OpenAI has quietly stacked up nearly $1 trillion in deals this year, securing computing power to run its artificial intelligence models. The scale of these agreements far outpaces its revenue and leaves many wondering how the company plans to pay for it all.
Monday’s announcement with chipmaker AMD adds to a growing list of partnerships with Nvidia, Oracle, and CoreWeave. Each deal provides OpenAI access to the massive computing resources it believes are essential to run AI services like ChatGPT.
Taken together, these deals cover more than 20 gigawatts of computing capacity roughly the energy output of 20 nuclear reactors over the next decade. OpenAI estimates that deploying 1GW of AI computing capacity costs around $50 billion at today’s prices, which makes the total commitment roughly $1 trillion.
Some of the world’s biggest tech companies are now financially tied to OpenAI’s success. Nvidia, AMD, Oracle, and others have effectively bet on the startup’s ability to become profitable and manage its mounting obligations.

“OpenAI is in no position to make any of these commitments,” said Gil Luria, an analyst at DA Davidson. “It could lose about $10 billion this year alone. Part of Silicon Valley’s ‘fake it until you make it’ ethos is to get people to have skin in the game. Now a lot of big companies have a lot of skin in the game on OpenAI.”

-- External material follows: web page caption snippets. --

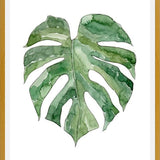 Cuadro Leaf #12
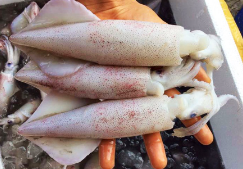 Cá mực.olm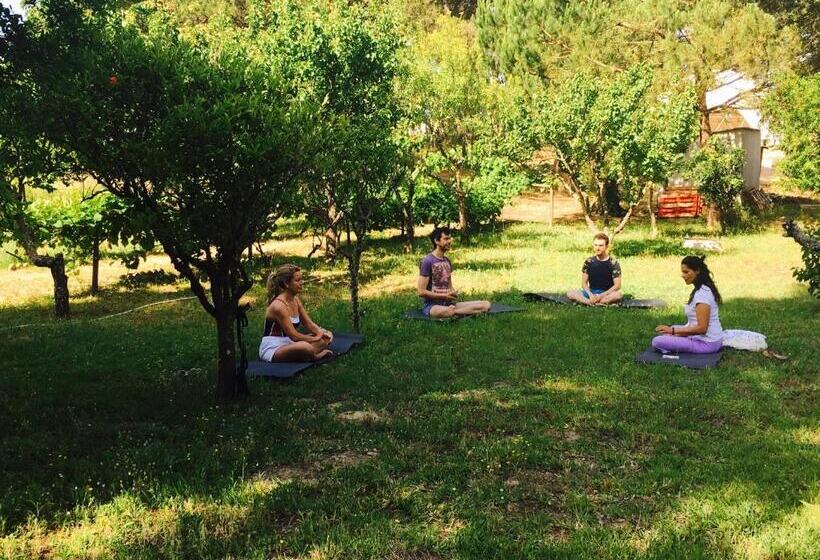 فندق Casa Do Páteo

The company is burning through cash at a staggering rate, spending on infrastructure, chips, and top-tier talent. Yet it still lacks the capital required to fully fund these massive projects.
The deals also involve complex financial arrangements, including circular financing between OpenAI and its partners. In many cases, the specific terms are still being finalized.
For now, OpenAI remains a high-stakes gamble for both itself and the tech giants backing it. The sheer scale of these commitments highlights the escalating arms race in AI, where access to computing power may well define the winners and losers of the next decade.